Pratiquement, le MQ-25 ouvre donc la voie au positionnement d’un réseau de drones de ravitaillement soit à proximité des côtes adverses, soit encore dans la profondeur du dispositif. Le changement est notable : si le ravitaillement en vol a toujours été considéré comme un levier essentiel de la puissance aérienne occidentale, le « retour à la défensive » lié aux postures A2/AD fait des ravitailleurs classiques des cibles de choix. Or des machines plus petites – et potentiellement plus nombreuses – laissent entrevoir la possibilité d’une persistance dans les opérations. Le MQ-25 peut alors changer la donne de l’assaut depuis la mer. Cette rationalité s’étend même au-delà. Dès lors que des drones sont engagés au-dessus des zones adverses, il devient possible d’envisager leur utilisation comme plates-formes ISR, voire de frappes. Ce ne sont certes pas les missions premières du Stingray, mais il faut aussi constater que partir de missions relativement simples permet d’envisager des évolutions incrémentales.
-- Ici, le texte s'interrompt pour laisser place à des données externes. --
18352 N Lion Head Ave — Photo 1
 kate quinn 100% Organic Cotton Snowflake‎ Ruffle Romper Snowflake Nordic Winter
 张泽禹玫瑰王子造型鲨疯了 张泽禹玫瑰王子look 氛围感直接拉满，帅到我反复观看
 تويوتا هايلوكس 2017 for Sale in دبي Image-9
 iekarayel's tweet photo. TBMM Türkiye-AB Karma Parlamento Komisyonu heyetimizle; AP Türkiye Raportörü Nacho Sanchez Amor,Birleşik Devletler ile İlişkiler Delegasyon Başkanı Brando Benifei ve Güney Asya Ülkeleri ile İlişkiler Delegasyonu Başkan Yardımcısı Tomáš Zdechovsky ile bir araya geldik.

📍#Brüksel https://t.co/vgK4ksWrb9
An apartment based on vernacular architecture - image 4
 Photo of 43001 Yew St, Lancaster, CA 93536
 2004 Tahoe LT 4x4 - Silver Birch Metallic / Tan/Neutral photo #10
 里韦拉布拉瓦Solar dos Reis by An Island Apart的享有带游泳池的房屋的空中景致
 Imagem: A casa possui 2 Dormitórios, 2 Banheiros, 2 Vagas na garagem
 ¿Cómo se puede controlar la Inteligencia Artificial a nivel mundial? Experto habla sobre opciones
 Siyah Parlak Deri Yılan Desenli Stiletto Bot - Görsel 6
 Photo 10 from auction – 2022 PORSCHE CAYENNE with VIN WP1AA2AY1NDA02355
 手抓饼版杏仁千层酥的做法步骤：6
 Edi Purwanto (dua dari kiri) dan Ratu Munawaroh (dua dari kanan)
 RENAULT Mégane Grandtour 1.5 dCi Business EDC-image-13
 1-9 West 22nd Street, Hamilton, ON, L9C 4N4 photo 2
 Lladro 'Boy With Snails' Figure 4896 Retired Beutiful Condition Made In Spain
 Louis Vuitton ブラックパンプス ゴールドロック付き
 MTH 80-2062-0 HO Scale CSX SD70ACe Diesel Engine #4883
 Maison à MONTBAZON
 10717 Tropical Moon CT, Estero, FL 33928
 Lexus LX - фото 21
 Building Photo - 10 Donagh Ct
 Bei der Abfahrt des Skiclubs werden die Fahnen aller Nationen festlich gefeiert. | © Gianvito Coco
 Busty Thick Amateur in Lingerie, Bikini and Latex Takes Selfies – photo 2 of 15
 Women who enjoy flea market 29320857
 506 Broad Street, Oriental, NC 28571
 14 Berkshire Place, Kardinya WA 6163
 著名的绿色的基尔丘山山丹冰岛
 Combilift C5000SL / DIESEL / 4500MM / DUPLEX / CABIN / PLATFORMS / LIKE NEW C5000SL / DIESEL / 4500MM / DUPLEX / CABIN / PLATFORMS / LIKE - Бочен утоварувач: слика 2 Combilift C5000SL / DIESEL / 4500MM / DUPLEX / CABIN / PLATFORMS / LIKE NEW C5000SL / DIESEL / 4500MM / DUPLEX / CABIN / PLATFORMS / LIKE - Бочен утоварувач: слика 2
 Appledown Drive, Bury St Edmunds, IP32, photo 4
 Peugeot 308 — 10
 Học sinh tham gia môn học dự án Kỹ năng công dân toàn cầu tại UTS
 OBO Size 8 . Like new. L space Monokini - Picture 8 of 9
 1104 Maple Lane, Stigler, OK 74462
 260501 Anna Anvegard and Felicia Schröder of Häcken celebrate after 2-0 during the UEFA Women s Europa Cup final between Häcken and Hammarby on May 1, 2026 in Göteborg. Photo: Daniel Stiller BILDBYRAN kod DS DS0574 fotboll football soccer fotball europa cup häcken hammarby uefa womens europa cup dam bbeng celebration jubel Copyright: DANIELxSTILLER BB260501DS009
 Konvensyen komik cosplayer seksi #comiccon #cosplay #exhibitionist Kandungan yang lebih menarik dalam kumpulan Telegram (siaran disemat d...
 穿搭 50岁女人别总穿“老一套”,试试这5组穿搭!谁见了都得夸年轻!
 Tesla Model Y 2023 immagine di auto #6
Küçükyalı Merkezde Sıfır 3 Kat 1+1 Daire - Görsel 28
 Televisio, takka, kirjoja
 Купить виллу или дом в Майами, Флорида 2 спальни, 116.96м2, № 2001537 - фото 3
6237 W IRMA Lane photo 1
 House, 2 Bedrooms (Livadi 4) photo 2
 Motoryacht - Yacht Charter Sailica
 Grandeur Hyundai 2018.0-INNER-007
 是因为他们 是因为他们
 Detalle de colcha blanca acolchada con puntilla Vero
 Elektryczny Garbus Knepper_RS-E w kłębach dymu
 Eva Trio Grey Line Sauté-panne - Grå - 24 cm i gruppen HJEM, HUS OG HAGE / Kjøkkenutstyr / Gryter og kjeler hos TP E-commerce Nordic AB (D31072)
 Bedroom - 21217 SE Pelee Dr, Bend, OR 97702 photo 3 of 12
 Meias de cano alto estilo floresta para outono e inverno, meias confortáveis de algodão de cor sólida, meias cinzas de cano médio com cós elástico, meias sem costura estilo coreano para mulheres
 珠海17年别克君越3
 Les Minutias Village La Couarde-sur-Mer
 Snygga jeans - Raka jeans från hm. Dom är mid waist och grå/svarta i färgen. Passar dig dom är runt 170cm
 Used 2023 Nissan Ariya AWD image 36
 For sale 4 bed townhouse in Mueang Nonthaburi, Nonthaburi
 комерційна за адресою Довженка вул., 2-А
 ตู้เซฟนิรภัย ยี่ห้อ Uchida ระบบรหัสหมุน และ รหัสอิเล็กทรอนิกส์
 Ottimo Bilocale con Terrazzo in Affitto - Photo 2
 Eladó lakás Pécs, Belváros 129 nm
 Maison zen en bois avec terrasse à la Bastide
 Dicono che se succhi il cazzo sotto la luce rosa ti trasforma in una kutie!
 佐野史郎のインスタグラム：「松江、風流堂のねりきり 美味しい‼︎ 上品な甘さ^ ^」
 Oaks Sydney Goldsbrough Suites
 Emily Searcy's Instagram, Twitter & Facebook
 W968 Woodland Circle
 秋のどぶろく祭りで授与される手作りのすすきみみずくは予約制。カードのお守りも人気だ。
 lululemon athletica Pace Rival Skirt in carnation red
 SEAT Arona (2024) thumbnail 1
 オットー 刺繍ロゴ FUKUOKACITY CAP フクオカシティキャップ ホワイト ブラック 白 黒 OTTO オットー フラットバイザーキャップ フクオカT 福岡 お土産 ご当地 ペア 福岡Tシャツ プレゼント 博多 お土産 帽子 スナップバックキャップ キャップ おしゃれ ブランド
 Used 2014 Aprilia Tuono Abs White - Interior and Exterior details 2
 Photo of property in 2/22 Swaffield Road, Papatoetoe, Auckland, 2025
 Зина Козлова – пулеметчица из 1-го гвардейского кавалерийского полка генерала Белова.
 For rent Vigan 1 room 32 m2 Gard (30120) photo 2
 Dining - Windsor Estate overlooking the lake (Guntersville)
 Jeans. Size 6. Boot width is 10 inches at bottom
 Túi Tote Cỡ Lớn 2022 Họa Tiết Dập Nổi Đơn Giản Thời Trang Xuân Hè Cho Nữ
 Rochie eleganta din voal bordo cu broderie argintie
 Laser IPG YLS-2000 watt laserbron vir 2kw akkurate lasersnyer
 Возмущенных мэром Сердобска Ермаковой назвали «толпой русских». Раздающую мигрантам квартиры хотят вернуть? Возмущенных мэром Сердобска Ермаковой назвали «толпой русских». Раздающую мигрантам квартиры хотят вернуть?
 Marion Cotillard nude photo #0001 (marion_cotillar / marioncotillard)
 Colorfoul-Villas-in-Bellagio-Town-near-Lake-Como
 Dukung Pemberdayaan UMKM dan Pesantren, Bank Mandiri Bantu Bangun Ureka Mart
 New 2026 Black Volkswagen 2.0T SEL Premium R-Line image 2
La masse même du drone et sa configuration laissent, de facto, la possibilité d’utiliser le relativement vaste espace de la cellule pour l’installation de charges utiles. Pour l’instant, il ne semble pas – contrairement à l’avenger dont la configuration favorisait également de tels développements – que l’appareil soit doté d’une soute. L’histoire dira donc si, finalement, des UCAV (Unmanned Combat Air Vehicles) verront le jour et s’ils seront, paradoxalement, dérivés de ravitailleurs en vol…
La conséquence la plus directe de l'arrivée des MQ-25 Stingray serait l'accroissement du rayon d'action potentiel des raids américains.
Note
(1) Jean-jacques Mercier, « Avenger : le successeur des Predator ? », Défense & Sécurité Internationale, no 69, avril 2011.